Book Review: The Hashish Man

Hashish Man

As a teen, I discovered H.P. Lovecraft, and through Lovecraft (and Robert E. Howard) I discovered many other writers.  Reading anthologies of “Cthulhu Mythos” stories (Lovecraft called it Yog Sothery), I kept finding reference to and occasional short stories from the mysterious Lord Dunsany.  Sometimes, I’d talk to fellow fans, more well read than myself, and they’d tell me of the strange stories of this Dunsany fellow.  But I could find precious little of his work.  Eventually, I did learn that he’d been a major inspiration for Lovecraft, and that many of Lovecraft’s early stories were written in imitation of the Dunsany style.  This is particularly true of the works that would later be deemed his ‘Dreamlands’ stories.  Finally, years later, I began to assemble something of a collection of Dunsany’s work.  It wasn’t easy at first.  Maybe still isn’t.  But I did it.  One of the books I managed to track down was The Hashish Man, and I’ve finally read it.

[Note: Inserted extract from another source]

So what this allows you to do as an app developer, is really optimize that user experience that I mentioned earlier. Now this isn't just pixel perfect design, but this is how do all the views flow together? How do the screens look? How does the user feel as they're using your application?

What I’ve found in those years of tracking down Dunsany and some of Lovecraft’s other inspirations, is that I’m not actually a fan of many of them.  Or, that they have some excellent work, but a lot of not so excellent work.  Dunsany seems to have been fairly prolific, though many of his stories are, like Clark Ashton Smith, more vignettes than actual stories.  But in his work you can see the overly flowery language so loved by Lovecraft.  Some of it is gold.  Some of it is muck that becomes hard to wade through.

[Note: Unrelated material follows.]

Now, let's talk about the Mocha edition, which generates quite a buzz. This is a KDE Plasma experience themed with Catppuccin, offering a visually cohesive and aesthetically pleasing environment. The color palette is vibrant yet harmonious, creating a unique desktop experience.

In this book, there’s a bit of both.  Though it has only about a hundred fifty pages, it features twenty five stories.  Many are only a couple pages long.  Some I really enjoyed, like A Story of Land and Sea but others, like Idle Days on the Yann, made Lovecraft’s Dreamquest of Unknown Kadath look like a Hemingway. It’s a very mixed bag.  A few of the stories had the feel of Dunsany’s Jorkens stories, which always reminded me of The Adventures of Baron Munchausen.  Too many felt like reading poems written as prose, and left me scratching my head.

If you love H.P. Lovecraft’s Dreamlands, or if you’re enough of a fan of the author to want to seek out his inspirations, then by all means, check this out.  However, for the casual reader, I don’t think this is going to light many fires.